The latter argument may be morally unjustifiable in general – but individual operators cannot be expected to act alone. This is a hard reality with which we must engage.
The IMRF’s role is to help improve maritime search and rescue globally. We define ‘maritime’ loosely, for the problems of major river and lake traffic have much in common with problems encountered at sea. We also recognise that ‘SAR’ is the end of a longer process. You can only rescue someone after you have found them.
To find them alive, they have to be able to let you know that they are in trouble, and to survive until you can get to them; which implies the need for equipment and training.
But the best way of ensuring that people’s lives are not threatened is to try to prevent accidents happening in the first place. SAR will always be needed in some circumstances – but we certainly support any initiative that means it will be needed less!
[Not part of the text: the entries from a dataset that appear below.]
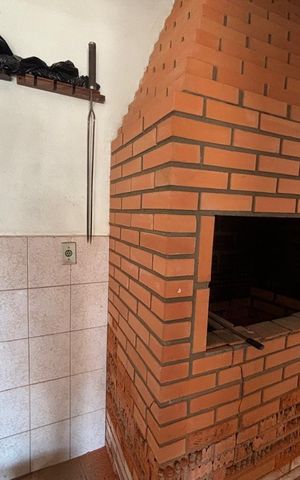 Casa à venda com 260m², 4 quartos e 2 vagas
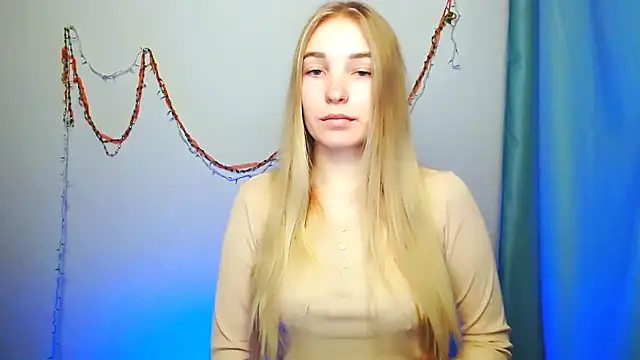 Snapshot of Queen_ofLove chatting on December 21, 2:46 pm Queen ofLove online show from December 21, 2:46 pm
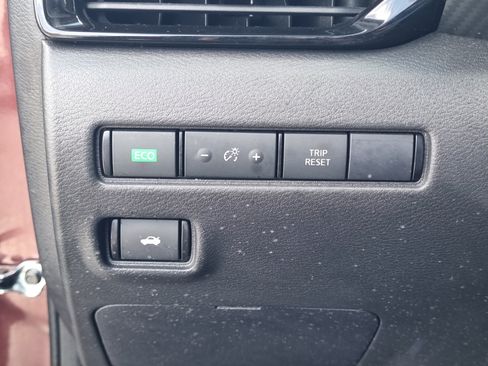 Used 2024 Nissan Sentra SV w/ All-Weather Package FWD image 25
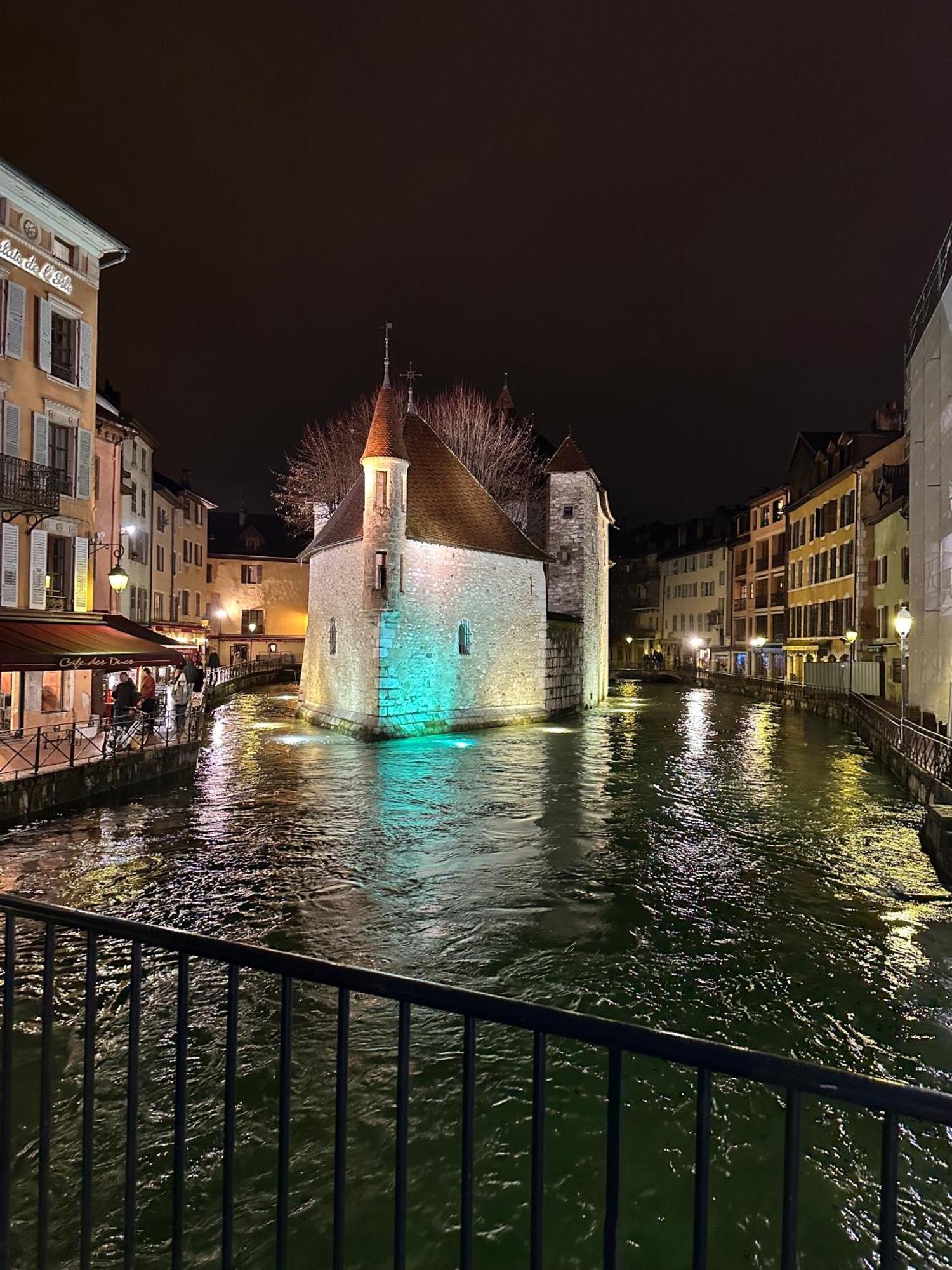 Ferienwohnung A La Belle Quatrieme Etoile Annecy Exterior foto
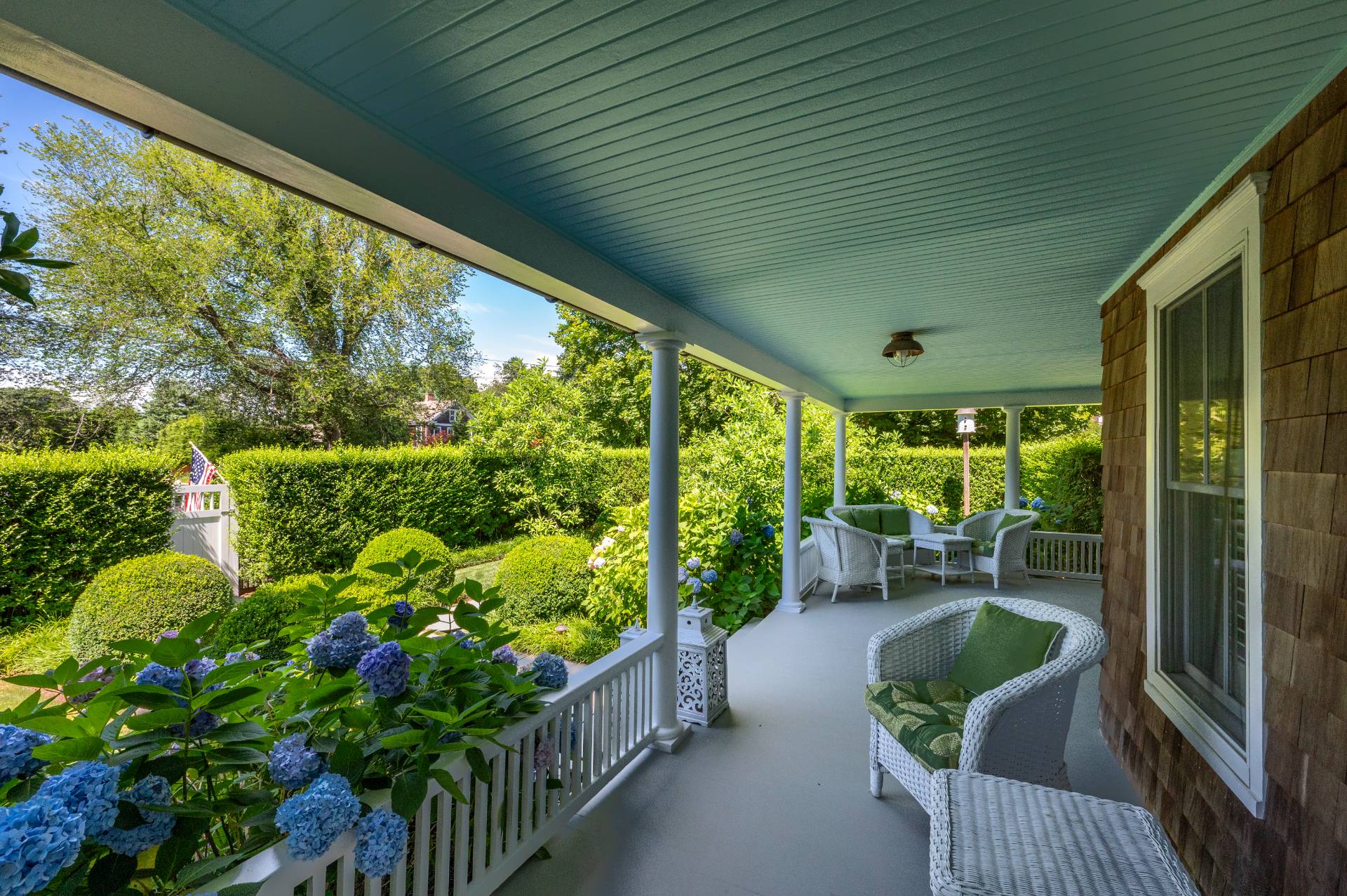 86 Pantigo Road East Hampton, NY 11937 - Photo 2 of 26 Gallery Image 2
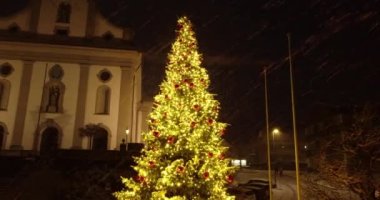Şiddetli kar yağışı sırasında caddedeki güzel Noel ağacının hava aracı görüntüsü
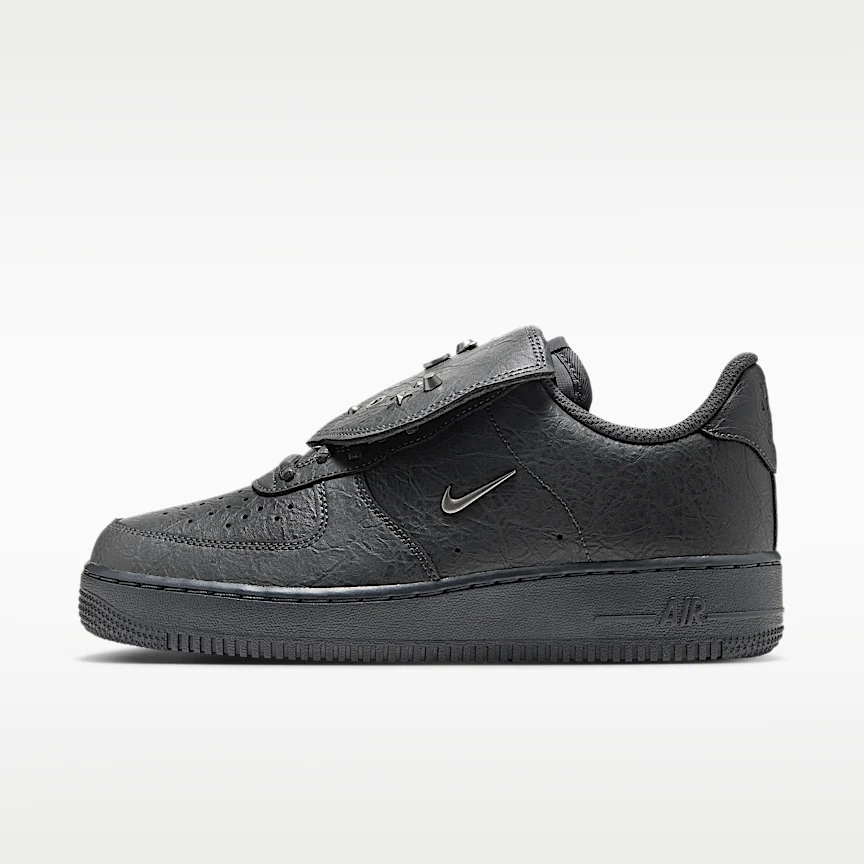 NIKE エア フォース 1 '07 — ウィメンズシューズ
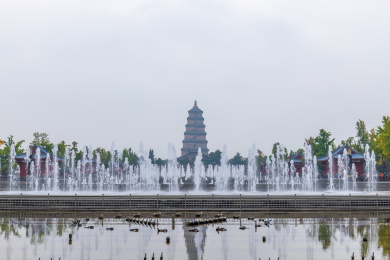 中国陕西省西安市大雁塔喷泉广场喷泉景观
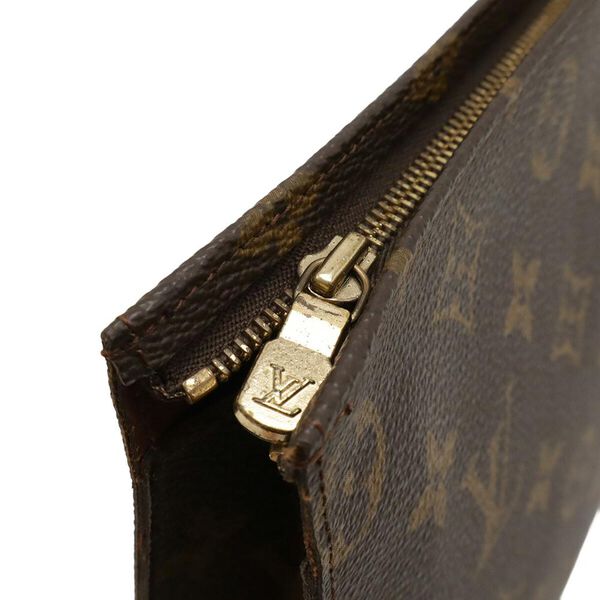 Louis Vuitton Poche Toilette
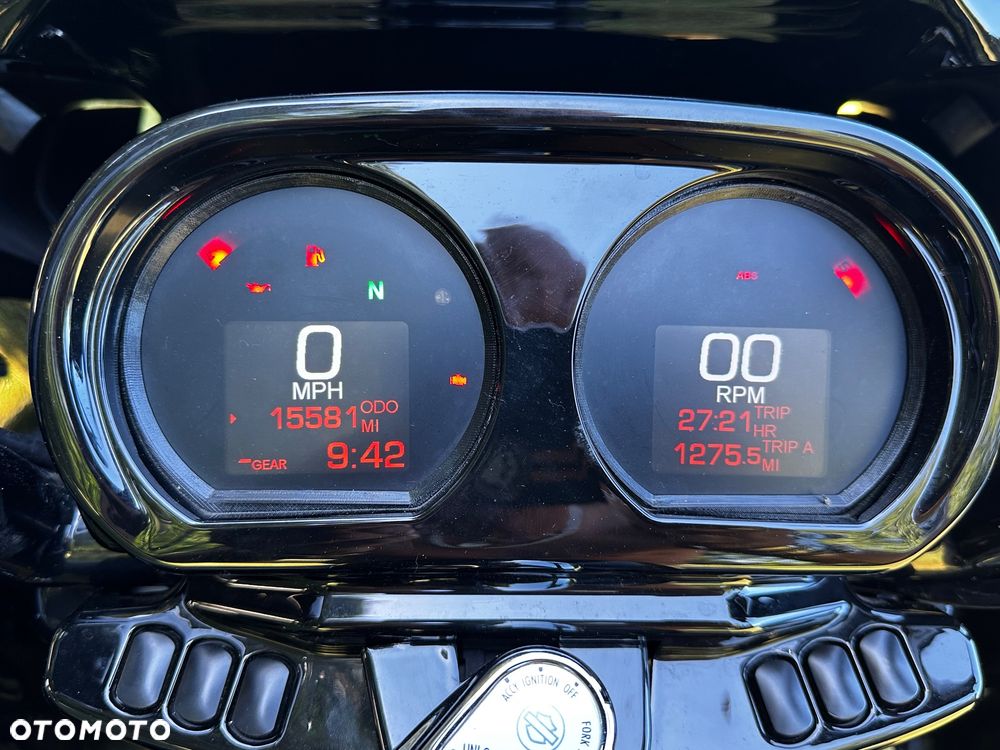 Harley-Davidson Touring Road Glide - 2
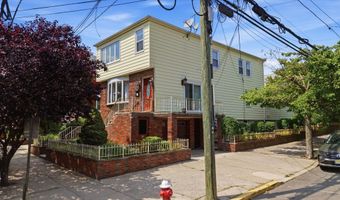 27 MECHANIC St, Bayonne, NJ 07002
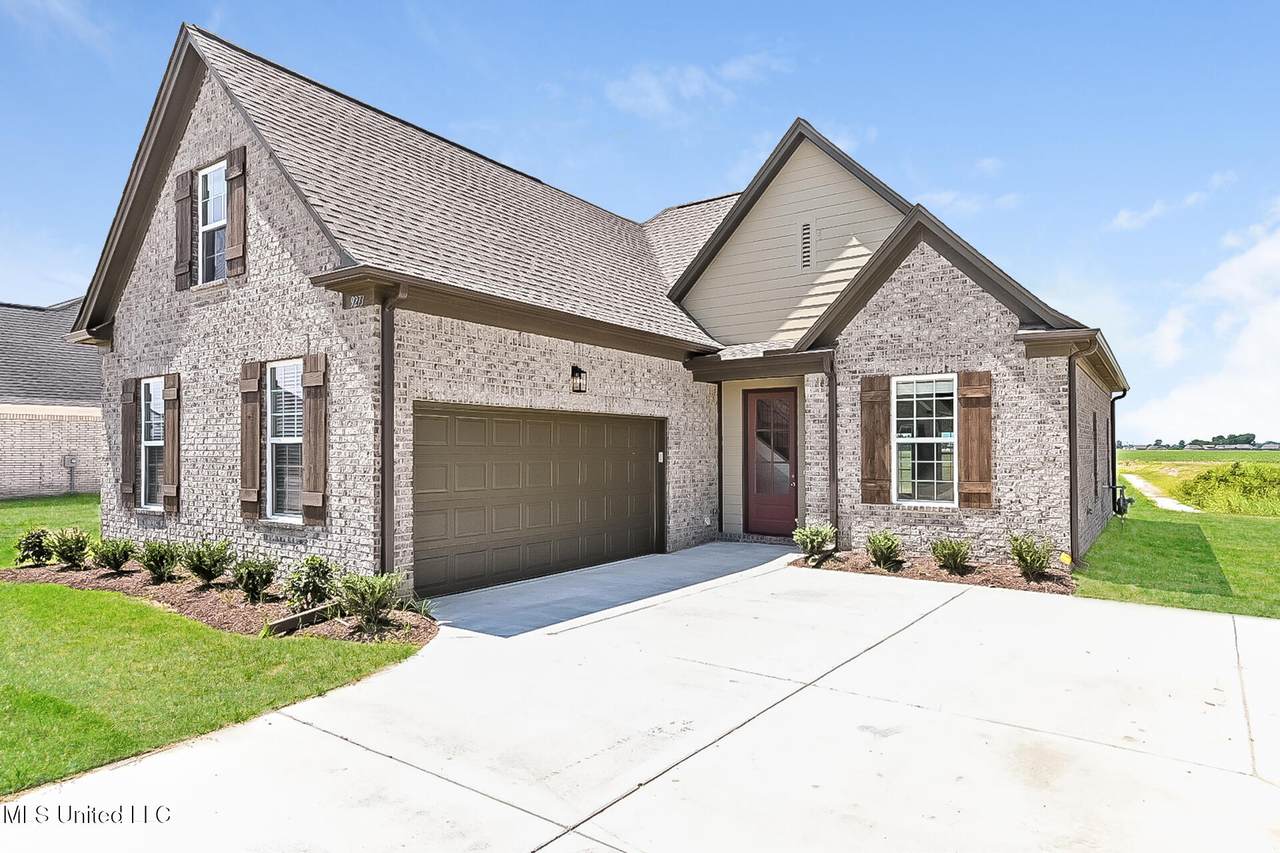 9273 Lakeside Circle - Photo 1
We therefore strongly support recent moves at the IMO to address domestic ferry safety, even if such shipping is strictly beyond the IMO’s remit. The Secretary-General, Koji Sekimizu, has called for a new approach, and has announced the IMO’s intention to strengthen its technical assistance programme to this end. He has also proposed the development of recommended standards for domestic passenger ferries, to cover design, engineering, structural modifications, operation, manning, training, and survey and certification.
The Philippines Government hosted a conference on the subject in Manila in April of this year. This resulted in the Manila Statement on Enhancement of the Safety of Ships Carrying Passengers on Non-International Voyages. The Statement urges States to work with other stakeholders on the problem, with the “long-term objective” of aligning national requirements with those of the relevant IMO Conventions. The Manila Statement also recommends the use of guidelines finalised by the conference and asks for feedback; and the IMO has now endorsed this approach.
Meanwhile the WFSA continue to encourage improved safety from the design perspective, with their third student design competition for a safe, affordable ferry.
This year’s challenge is to design a RoPax ferry for Indonesia: see www.ferrysafetydesigncompetition.org.
The ‘ongoing disaster’ of passenger ferry accidents must be tackled holistically. The IMRF will continue to work with both WFSA and IMO, in support of our shared aim of saving lives on the world’s waters.